Ṣafw (clarity, purity, serenity) and its near synonym, ṣaḥw, mean the clarity of a cloudless sky. Ṣaḥw’s Turkish cognate, sahav, is also sobriety, the clarity of waking up after drunkenness. The 9th-century ‘Abbasid poet Abu Tammâm seems to go back and forth between the two meanings:

Maṭarun yudhûbu aṣ-ṣaḥwu minhu wa ba‘dahu
[A rainstorm has left behind saḥw, a cloudless sky, and afterwards... ]

“Left behind” might be translated just as well as “melted away.” (Hans’s Wehr’s dictionary adds “dissolve,” “liquefy,” “dwindle away,” “vanish.”) A rainstorm can leave behind a cloudless sky. Clear enough. It continues:

. . . saḥwun yakâdu min al-ghaḍârati yumṭiru.
[. . . a saḥw from freshness, or luxuriance, almost seems about to rain again.]

The ghaḍâra, the greenness, moist or luxuriant, breeds a kind of dewiness. The idea that post-rain clarity might bring on another rainstorm is probably not meteorologically accurate, but the symmetry (from rain to clarity, from clarity to rain) is accurate in some other, inexplicable way.

Salâḥ ad-Dîn, صلاح الدین, in English Saladin, enters the European historical record during the time of the ḥurûb aṣ-ṣalîbîyya, the wars of the cross (from صلیب, ṣalîb, “cross”). Ṣalaḥad-Dîn was the defender of the Levant against the arrival of the Second Crusade (1189-93), the crusade which enters our folklore because Richard the first of England participated in it. Saladin’s reputation was impressive enough to his opponents that he became the most heroic figure in Sir Walter Scott’s The Talisman (1825). More notable praise came earlier. In the Inferno, Dante (writing slightly more than a century after Ṣalâḥ ad-Din’s death) is one of a handful of Muslims categorized as noble pagans, along with Aeneas and Hector, Socrates and Plato, in the safe zone for virtuous non-Christians, called Limbo, rather than farther down in Hell proper, where there are a few Muslims. (You will find the Prophet and his nephew Ali, who were seen as Christians, but Christian heretics.) Saladin is listed after a handful of figures from Roman history (“e solo in parte vidi il Saladino,” “standing alone, apart I saw Saladin” -- Inf. iv.129). Dante doesn’t arrange for him to have many companions.
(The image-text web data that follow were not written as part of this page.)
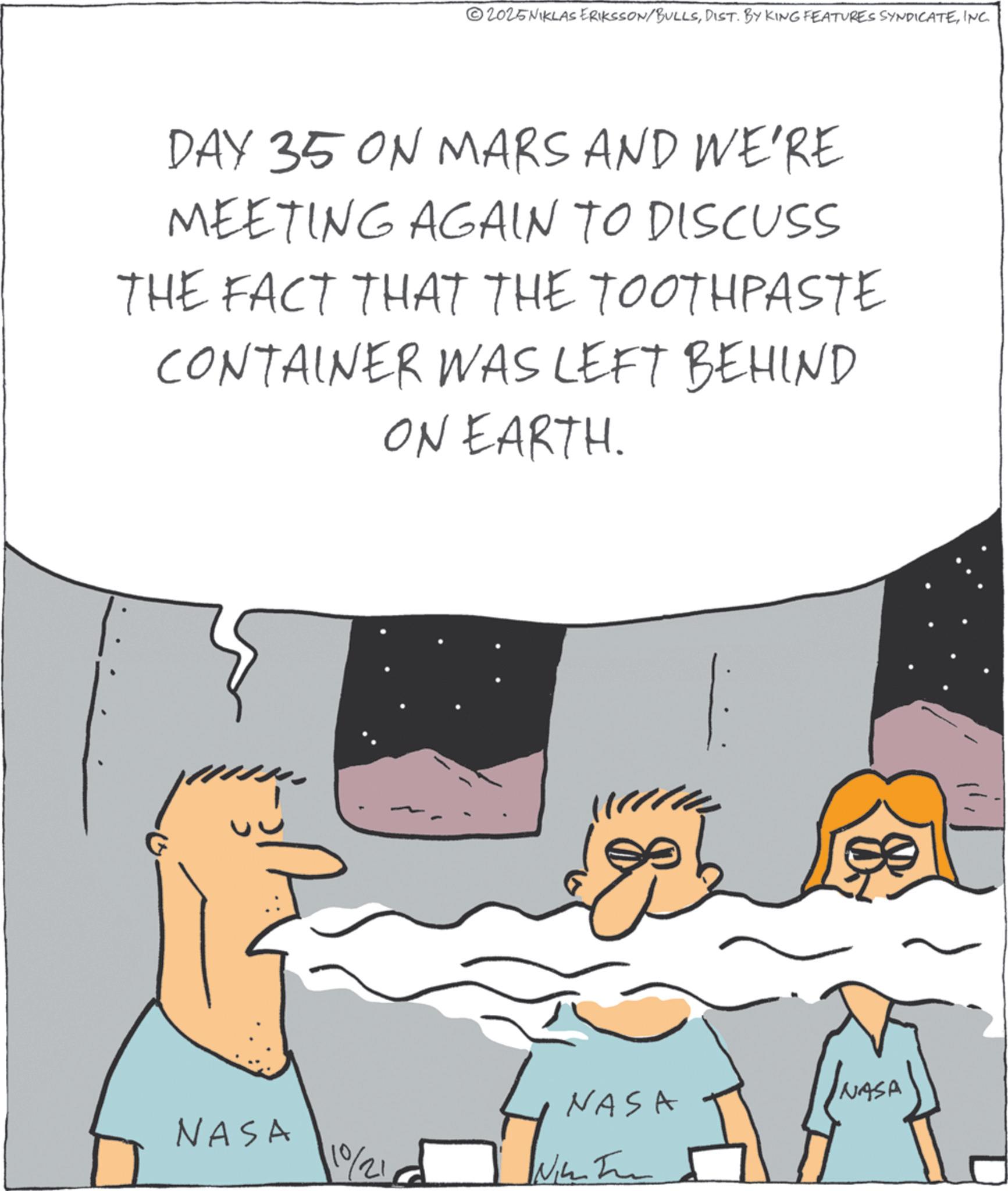 Photo caption OCR: 02025NIKLAS ERIKSSON/BULLSINC. DAY 35 ON MARS AND WE'RE MEETING AGAIN TO DISCUSS THE FACT THAT THE TOOTHPASTE CONTAINER WAS LEFT BEHIND ON EARTH. INASA NASA NASA 1021 Nim 02025NIKLAS ERIKSSON / BULLSDIST . BY KING FEATURES SYNDICATEINC . DAY 35 ON MARS AND WE'RE MEETING AGAIN TO DISCUSS THE FACT THAT THE TOOTHPASTE CONTAINER WAS LEFT BEHIND ON EARTH . INASA NASA NASA 1021 Nim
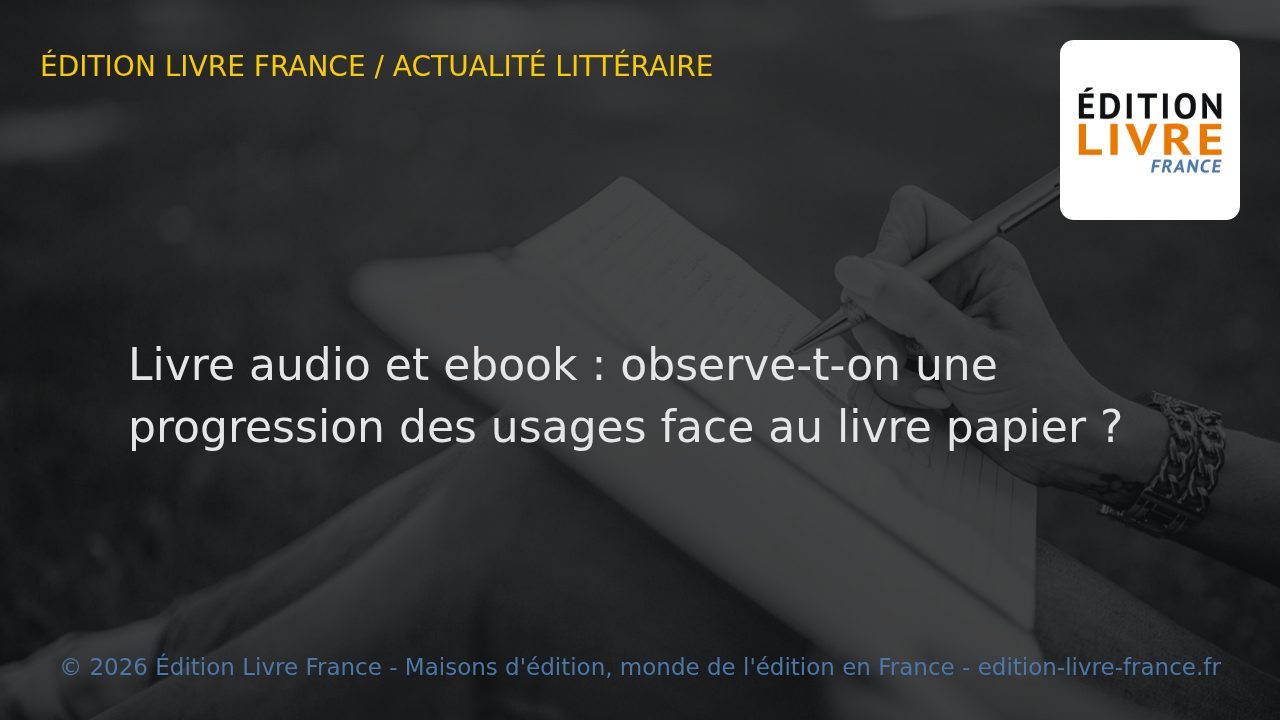 Visuel de l'article Livre audio et ebook : observe-t-on une progression des usages face au livre papier ?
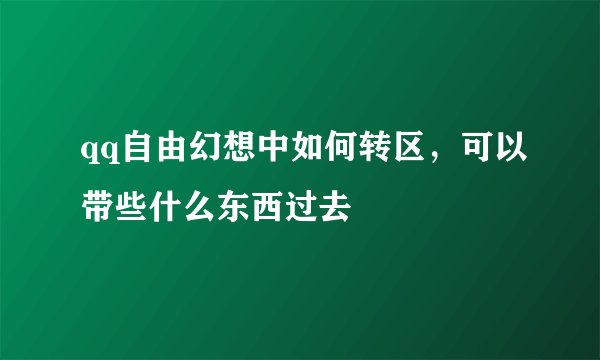 qq自由幻想中如何转区，可以带些什么东西过去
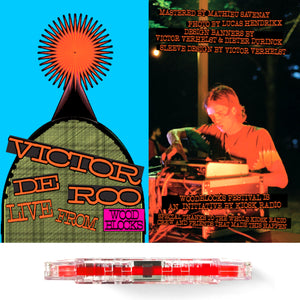 LIVE FROM WOODBLOCKS TAPE / VICTOR DE ROO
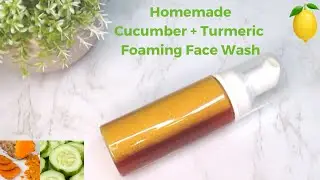 Homemade Cucumber Turmeric Foaming Face Wash – Dry Skin, Hyperpigmentation and Remove Dark Spots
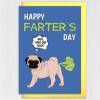 Happy Farter's Day funny Pug dog farting Father's Day card for dad, father, papa, daddy from the pet, son, daughter Size A6/A5/A4/Square 6x6 - A6: Single card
The reputation of Iraqi president Saddam Hussein was the opposite of Ṣalâḥ ad-Dîn’s. That odd first name Ṣaddam comes from a stem (Ṣ-D-M), to strike, knock, clash, shock (perhaps intended to mean “forceful”). I’ve always suspected it was a pseudonym, but I’ve never heard anyone confirm it.) In retrospect it seems a mocking epithet instead of an actual name.

The Sophie

On the seventeenth-century stage in England, the Sophie was the ruler of Iran. The Duke of Morocco, one of Portia’s unsuccessful suitors in The Merchant of Venice (1598), gives us a doubtful c.v.:

By this scimitar
That slew the Sophy and a Persian prince
That won three fields of Sultan Solyman,
I would outstare the sternest eyes that look,
Outbrave the heart most daring on the earth...
To win thee, Lady...
(Act 2, scene 1)

If Merchant of Venice were one of the history plays, we might want to track down which sophy he slew. It wouldn’t have been Shah Isma’il ii (r. 1576-78), who was said to have been poisoned by his sister. Nor would it have been his successor Mohammad Khodabandeh (r. 1578-87), who was overthrown by his son Abbas the first. It wouldn’t have been Abbas (r. 1587-1629), who was on the throne when Merchant was first performed: he was still alive, and would reign until thirteen years after Shakespeare’s death. As for the unnamed Persian prince who had fought in successful campaigns against the Ottoman Sultan Suleiman (d. 1566, when Shakespeare was two years old), he could conceivably have existed and been killed in battle – depending when the events of Merchant of Venice take place. Probably the important thing is that the Duke of Morocco would have been fighting on the side of the Ottomans.

The term Sultan (with a Sîn) meant in England the ruler of the Ottoman Empire, a Sunni (also with a Sîn). In the 16th century it reached to its greatest extent, from a swathe of land running across all of north Africa to the Maghrib, eastward to the coast of the Caspian and down to the Persian Gulf. What we now call Iran, however, was a distinct nation.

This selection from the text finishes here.